There are risks, undeniably — some small, others potentially large and terrifying. David Santillo, a senior scientist at Greenpeace, told me that some modeling studies suggest that putting aerosols in the  atmosphere, which might alter local climates and rain patterns and would  certainly affect the amount of sunlight hitting the earth, could have a  significant impact on biodiversity. [...] Alan Robock, a professor of atmospheric sciences  at Rutgers, has compiled an exhaustive list of possible dangers. [...] A real prospect exists, too, that if solar  geoengineering efforts were to stop abruptly for any reason, the world  could face a rapid warming even more dangerous than what’s happening now  — perhaps too fast for any ecological adaptation. 
For the moment, and perhaps for 10 or 20 years more, these are mere hypotheticals. But the impacts of climate change were once hypotheticals, too. Now they’ve become possibilities and probabilities.  And yet, as Tom Ackerman, an atmospheric scientist at the University of  Washington, said at a recent discussion among policy makers that I  attended in Washington: “We are doing an experiment now that we don’t  understand.”  

To make it clear to anyone reading, I am not denying that global warming is happening. I am also not a scientist. 

That being said, what I question is how much the effect of human activity on this planet contributes to this global warming and how much it is a natural cycle that the planet goes through regardless of us. I personally suspect that our influence on this process has been largely blown out of proportion for ideological and political reasons. 

It is yet another tool that Governments and politicians use for power and control over us all. Just like how they are using the dangers and "war on terrorism" to impose new regulations for surveillance and control. Or how they are still using the dangers and "war on drugs" for God knows what. It's the same thing now used with the dangers of global warming. Putting aside that all of this global warming caused by us hysteria is all based on computer simulations and predictions and "possibilities and probabilities", the fact that you are not allowed to question it in any way should be an attention sign to anyone. 

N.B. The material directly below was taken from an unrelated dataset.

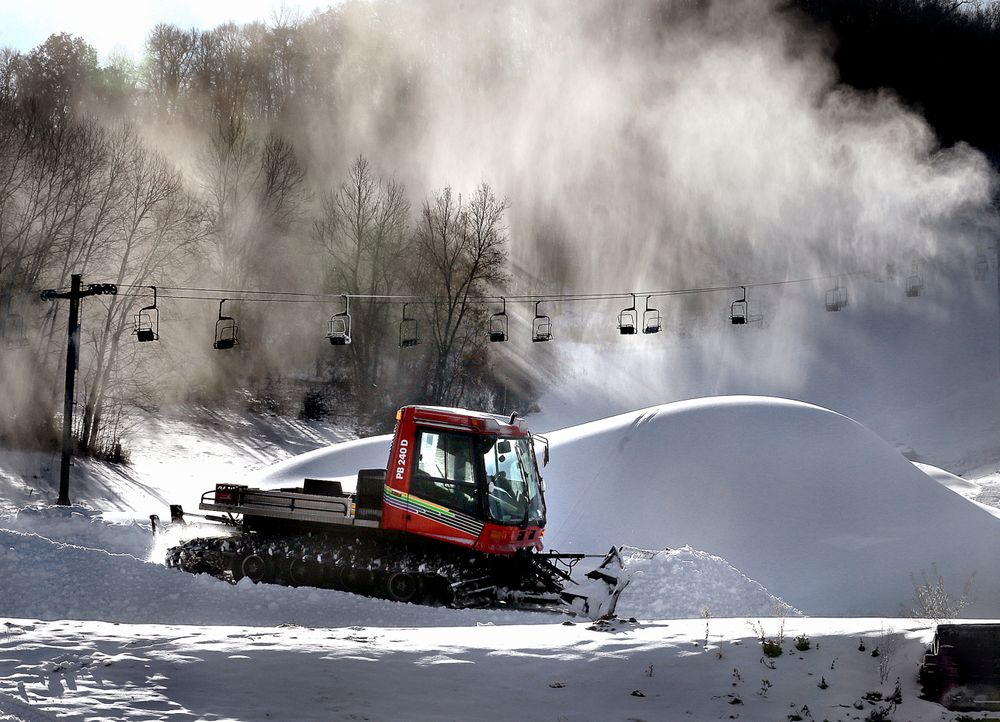 Snow billows from a snowmaker, Tuesday, Nov. 12, 2019, creating piles as Tom Roesler, mountain manager at Mount La Crosse in La Crosse, Wis., spreads it out. Pending weather conditions, Mount La Crosse staff are hoping to open the ski area before the end of the month. (Peter Thomson/La Crosse Tribune via AP) Snow billows from a snowmaker, Tuesday, Nov. 12, 2019, creating piles as Tom Roesler, mountain manager at Mount La Crosse in La Crosse, Wis., spreads it out. Pending weather conditions, Mount La Crosse staff are hoping to open the ski area before the end of the month. (Peter Thomson/La Crosse Tribune via AP)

What's really disappointing for me is how regular people fall for the same lies over and over again and how they are willing to accept and to give away a little bit of their freedoms just because an authority told them to do so by deceiving them with well-constructed future scenarios. I personally, how George Carlin put it, "don't believe anything the Government tells me". 

I'll end here with another excerpt from the end of this NYT article which you can read in full here.

If anything could sway a fence-sitter to consider whether geoengineering research makes sense, perhaps it is this. The fact is, we are living through a test already.